Hopkins and colleagues[1] examined response to syphilis therapy among 256 patients in Ireland; they reported 15.5% loss to follow-up and 22% "treatment failure."

The only method available to "prove" cure of syphilis depends on a 4-fold (2-dilution) reduction in the antibody response to a nontreponemal antigen (Venereal Disease Research Laboratory [VDRL], rapid plasma regain [RPR]). Failure of therapy or reinfection is suggested by stable or rising antibody titers; such patients are often re-treated. Repeat serologic testing and clinical exam in HIV-negative (normal hosts) persons are recommended 6 and 12 months after therapy. Use of the serologic response to prove cure is less than ideal because (1) host responses are highly variable; (2) failure and reinfection cannot be discriminated; (3) tests between labs may vary considerably; and (4) most tests are not done with paired serum, allowing variation within a lab. However, no other test for proof of cure of syphilis is available. With these criteria, a 20% failure rate is common, depending on the stage of syphilis disease being treated.

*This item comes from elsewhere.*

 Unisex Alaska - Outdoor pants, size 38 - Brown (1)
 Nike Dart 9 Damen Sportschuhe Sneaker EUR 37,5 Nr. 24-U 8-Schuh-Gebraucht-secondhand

Patients with HIV infection receive the same treatment as HIV-negative patients. However, differences in baseline serologic response include high-antibody titer or, less commonly, absent antibody response. Hopkins and coworkers[1] noted no significant difference in response to therapy in HIV-infected patients; however, treatment failure was apparently less commonly observed in HIV-infected patients receiving antiretroviral therapy. Because of increased concern about treatment failure in HIV-infected patients, the CDC Sexually Transmitted Disease Advisory Panel[2] recommends more frequent serologic testing and clinical exam in HIV-infected subjects (eg, every 3 months for 1 year in primary syphilis), with repeat follow-up at 2 years for all such patients.